At this point we should again note that, if Vatican II adopted the tradition of the ecclesiastical Magisterium on the topic of the Bishop of Rome's ministerium Petrinum previously expressed at the Council of Florence (1439) and at Vatican I (1870), to its credit, when it repeated this teaching, it brought out the correlation between the primacy and the collegiality of the episcopate in the Church. Because of this new clarification the erroneous interpretations often made of Vatican I's definition are rejected and the full significance of the Petrine ministry is shown in its harmony with the doctrine of episcopal collegiality. Also confirmed was the Roman Pontiff's right "within the exercise of his own office to communicate freely with the pastors and flock of the entire Church," and this in regard to all rites (cf. DS 3060, 3062).

This does not mean claiming for the Successor of Peter powers like those of the earthly "rulers" of whom Jesus spoke (cf. Mt 20:25-28), but being faithful to the will of the Church's Founder, who established this type of society and this form of governance to serve the communion in faith and love.

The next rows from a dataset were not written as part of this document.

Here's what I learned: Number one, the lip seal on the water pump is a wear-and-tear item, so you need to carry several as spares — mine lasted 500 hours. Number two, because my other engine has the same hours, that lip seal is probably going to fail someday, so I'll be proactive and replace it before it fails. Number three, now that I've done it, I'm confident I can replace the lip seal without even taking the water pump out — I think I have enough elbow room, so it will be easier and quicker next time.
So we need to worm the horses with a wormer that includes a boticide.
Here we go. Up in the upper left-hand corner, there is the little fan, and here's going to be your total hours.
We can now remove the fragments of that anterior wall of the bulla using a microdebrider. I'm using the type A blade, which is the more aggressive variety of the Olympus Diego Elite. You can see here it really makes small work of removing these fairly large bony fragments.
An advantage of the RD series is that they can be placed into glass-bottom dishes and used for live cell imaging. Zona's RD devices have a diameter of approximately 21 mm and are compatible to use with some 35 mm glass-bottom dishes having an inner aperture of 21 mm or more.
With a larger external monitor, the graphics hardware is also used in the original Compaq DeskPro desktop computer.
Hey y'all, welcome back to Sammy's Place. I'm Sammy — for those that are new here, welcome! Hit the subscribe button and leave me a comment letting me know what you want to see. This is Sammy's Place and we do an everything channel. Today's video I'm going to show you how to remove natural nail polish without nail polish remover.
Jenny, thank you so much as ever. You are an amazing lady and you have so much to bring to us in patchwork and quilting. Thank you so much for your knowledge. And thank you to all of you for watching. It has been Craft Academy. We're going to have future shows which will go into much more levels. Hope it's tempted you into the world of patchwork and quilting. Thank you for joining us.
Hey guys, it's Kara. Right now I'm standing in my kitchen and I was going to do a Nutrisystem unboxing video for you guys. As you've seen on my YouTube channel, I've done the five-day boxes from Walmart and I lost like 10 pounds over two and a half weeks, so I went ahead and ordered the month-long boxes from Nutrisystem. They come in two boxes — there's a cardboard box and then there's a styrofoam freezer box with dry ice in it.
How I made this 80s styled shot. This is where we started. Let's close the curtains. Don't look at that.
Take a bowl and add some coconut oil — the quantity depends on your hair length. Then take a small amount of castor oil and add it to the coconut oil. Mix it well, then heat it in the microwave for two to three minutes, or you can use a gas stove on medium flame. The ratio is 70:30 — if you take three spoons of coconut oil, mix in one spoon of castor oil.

To fulfill Christ's will, the Successor of Peter must assume and exercise the authority he has received in a spirit of humble service and with the aim of ensuring unity. Even in the various historical ways of exercising that authority, he must imitate Christ in serving and bringing into unity those called to be part of the one fold. He will never subordinate what he has received for Christ and his Church to his own personal aims. He can never forget that the universal pastoral mission must entail a very profound participation in the Redeemer's sacrifice, in the mystery of the cross.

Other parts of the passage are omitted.